• What you are asked to do:
Retype only the stretch of lines that starts with the line containing "ПСИЛОЦИБИНОВЫЕ ГРИБЫ Кодинск" and ends with the last line of the records, both included, exactly.

• Records for the task:
----
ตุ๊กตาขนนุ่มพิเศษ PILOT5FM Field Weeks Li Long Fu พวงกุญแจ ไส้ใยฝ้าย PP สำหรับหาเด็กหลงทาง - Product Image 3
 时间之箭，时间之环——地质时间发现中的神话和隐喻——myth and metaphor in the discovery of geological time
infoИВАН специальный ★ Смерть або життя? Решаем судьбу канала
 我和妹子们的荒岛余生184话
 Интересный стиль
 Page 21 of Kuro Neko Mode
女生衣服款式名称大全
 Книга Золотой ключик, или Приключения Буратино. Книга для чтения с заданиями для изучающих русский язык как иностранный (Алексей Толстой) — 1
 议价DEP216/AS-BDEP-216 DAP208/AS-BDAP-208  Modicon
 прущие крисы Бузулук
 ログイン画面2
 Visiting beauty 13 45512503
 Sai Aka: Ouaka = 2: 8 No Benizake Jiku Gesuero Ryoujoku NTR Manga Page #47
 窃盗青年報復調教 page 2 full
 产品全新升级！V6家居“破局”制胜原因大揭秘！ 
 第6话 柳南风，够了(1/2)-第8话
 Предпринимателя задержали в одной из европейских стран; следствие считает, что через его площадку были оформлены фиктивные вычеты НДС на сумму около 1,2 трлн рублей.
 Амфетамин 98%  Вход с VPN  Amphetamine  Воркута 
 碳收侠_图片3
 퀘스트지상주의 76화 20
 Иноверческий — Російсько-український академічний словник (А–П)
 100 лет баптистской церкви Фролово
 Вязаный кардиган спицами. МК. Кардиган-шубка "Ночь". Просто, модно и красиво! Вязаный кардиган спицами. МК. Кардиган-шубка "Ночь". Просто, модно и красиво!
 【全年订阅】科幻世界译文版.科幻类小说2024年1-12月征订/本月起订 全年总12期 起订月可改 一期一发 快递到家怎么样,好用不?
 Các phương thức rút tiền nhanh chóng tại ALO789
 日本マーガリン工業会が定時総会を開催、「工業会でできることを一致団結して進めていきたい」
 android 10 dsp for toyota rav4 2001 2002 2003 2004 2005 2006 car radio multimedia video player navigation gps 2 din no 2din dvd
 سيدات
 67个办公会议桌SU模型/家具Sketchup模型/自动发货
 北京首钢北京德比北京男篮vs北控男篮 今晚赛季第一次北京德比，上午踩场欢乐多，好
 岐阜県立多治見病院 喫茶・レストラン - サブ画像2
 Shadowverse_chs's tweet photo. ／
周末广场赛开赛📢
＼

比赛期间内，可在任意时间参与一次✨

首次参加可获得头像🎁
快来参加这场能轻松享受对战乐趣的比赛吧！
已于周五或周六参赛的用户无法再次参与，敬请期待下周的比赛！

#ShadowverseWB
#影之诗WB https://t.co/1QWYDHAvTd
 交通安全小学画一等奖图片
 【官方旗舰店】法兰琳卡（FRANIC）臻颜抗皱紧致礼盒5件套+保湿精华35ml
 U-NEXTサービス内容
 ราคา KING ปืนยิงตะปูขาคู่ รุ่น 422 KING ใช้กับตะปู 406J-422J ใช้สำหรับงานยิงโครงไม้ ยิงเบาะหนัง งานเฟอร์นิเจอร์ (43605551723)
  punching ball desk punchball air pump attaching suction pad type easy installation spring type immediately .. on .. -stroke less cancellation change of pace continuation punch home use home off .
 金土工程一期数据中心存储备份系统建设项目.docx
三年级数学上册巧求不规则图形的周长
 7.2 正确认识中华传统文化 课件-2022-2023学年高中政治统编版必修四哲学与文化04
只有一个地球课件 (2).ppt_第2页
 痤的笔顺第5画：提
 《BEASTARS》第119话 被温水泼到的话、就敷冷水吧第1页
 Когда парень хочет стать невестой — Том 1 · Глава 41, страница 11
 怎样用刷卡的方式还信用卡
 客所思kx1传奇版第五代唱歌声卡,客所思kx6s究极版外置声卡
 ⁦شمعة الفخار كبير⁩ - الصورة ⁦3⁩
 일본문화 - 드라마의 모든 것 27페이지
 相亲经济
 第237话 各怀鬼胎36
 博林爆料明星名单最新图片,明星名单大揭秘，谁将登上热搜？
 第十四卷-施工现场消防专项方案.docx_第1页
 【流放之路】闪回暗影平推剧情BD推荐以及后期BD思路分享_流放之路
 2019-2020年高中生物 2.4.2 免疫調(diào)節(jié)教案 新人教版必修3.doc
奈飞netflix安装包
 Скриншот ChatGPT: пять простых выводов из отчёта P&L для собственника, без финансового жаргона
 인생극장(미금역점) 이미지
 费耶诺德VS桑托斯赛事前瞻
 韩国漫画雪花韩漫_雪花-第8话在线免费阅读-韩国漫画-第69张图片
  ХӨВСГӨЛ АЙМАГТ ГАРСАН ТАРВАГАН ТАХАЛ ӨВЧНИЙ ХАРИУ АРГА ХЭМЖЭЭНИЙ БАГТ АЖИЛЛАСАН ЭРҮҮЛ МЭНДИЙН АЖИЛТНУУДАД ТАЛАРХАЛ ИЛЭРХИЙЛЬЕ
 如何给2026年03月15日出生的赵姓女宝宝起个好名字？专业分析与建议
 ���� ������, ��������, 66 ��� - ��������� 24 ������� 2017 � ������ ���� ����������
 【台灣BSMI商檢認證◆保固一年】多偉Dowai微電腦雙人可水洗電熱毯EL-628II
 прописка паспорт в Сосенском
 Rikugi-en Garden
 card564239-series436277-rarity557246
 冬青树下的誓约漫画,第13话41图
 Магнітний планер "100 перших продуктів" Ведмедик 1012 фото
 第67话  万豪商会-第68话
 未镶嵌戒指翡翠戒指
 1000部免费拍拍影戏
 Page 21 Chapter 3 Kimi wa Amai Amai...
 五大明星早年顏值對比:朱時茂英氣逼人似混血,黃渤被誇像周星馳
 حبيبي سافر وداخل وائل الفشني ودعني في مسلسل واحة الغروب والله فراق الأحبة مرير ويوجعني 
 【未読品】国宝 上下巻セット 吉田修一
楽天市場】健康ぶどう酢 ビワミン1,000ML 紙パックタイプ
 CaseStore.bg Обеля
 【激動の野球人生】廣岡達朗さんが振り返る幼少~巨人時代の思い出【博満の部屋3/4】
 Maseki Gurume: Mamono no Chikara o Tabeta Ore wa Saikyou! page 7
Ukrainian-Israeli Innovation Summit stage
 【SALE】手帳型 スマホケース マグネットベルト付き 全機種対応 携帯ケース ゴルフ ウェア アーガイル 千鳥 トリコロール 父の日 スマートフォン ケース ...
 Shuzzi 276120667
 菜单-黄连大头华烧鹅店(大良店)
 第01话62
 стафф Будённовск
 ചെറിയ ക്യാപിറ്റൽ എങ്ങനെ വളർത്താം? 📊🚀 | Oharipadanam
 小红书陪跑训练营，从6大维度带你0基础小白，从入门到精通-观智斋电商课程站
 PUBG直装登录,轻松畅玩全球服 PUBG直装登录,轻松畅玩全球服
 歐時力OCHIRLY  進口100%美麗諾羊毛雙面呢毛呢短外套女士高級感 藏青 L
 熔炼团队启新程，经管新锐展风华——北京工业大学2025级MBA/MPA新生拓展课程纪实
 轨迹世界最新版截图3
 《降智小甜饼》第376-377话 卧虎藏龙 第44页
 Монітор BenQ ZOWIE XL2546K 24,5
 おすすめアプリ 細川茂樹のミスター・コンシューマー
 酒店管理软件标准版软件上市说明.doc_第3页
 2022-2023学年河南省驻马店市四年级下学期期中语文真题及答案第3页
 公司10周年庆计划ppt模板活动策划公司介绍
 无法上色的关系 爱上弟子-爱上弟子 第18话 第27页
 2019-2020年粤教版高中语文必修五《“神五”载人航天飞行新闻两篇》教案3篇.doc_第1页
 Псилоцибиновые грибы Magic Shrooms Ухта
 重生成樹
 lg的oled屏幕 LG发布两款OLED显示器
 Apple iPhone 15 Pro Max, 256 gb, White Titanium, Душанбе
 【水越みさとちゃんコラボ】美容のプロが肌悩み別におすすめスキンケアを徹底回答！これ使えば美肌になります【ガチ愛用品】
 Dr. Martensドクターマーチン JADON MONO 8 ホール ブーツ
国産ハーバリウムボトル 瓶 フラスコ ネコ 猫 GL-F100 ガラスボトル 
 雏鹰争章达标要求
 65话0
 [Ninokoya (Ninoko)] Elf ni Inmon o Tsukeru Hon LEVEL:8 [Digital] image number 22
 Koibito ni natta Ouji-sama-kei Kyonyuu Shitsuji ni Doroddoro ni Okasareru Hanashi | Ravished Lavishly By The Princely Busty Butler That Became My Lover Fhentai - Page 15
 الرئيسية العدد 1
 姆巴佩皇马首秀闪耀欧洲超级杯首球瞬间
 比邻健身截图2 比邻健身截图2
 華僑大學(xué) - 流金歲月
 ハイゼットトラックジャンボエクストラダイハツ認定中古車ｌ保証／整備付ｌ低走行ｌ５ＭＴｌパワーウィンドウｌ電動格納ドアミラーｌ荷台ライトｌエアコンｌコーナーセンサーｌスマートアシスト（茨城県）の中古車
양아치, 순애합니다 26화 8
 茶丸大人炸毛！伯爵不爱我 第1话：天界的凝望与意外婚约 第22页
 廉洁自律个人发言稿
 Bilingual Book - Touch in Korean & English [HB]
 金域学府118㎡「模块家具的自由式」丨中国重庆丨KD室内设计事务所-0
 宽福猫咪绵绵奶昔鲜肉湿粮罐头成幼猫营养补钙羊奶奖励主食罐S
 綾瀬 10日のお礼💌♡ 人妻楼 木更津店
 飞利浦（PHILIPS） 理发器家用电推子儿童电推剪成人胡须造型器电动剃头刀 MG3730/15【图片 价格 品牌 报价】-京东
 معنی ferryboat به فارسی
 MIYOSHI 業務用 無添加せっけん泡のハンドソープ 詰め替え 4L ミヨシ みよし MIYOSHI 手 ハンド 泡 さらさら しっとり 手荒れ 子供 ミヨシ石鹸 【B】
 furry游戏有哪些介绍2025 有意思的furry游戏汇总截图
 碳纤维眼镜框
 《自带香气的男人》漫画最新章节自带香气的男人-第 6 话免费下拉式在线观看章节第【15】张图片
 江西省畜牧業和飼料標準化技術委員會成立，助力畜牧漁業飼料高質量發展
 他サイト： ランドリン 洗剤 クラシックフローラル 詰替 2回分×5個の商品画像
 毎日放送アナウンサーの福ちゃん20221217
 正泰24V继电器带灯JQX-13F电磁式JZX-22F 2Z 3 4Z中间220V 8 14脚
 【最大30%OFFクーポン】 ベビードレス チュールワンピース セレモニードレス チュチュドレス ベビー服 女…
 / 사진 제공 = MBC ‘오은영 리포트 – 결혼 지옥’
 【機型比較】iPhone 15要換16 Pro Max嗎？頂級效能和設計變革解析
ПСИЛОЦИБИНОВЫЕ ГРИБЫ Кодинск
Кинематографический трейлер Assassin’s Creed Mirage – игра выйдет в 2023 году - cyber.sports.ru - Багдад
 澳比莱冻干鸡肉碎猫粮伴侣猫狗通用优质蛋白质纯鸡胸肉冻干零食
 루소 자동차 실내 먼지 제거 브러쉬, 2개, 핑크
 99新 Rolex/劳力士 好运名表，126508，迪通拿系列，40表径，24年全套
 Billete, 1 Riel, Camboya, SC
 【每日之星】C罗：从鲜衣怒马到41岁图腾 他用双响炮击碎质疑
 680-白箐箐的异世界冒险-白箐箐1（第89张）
----
• Answer for this exercise:
ПСИЛОЦИБИНОВЫЕ ГРИБЫ Кодинск
Кинематографический трейлер Assassin’s Creed Mirage – игра выйдет в 2023 году - cyber.sports.ru - Багдад
 澳比莱冻干鸡肉碎猫粮伴侣猫狗通用优质蛋白质纯鸡胸肉冻干零食
 루소 자동차 실내 먼지 제거 브러쉬, 2개, 핑크
 99新 Rolex/劳力士 好运名表，126508，迪通拿系列，40表径，24年全套
 Billete, 1 Riel, Camboya, SC
 【每日之星】C罗：从鲜衣怒马到41岁图腾 他用双响炮击碎质疑
 680-白箐箐的异世界冒险-白箐箐1（第89张）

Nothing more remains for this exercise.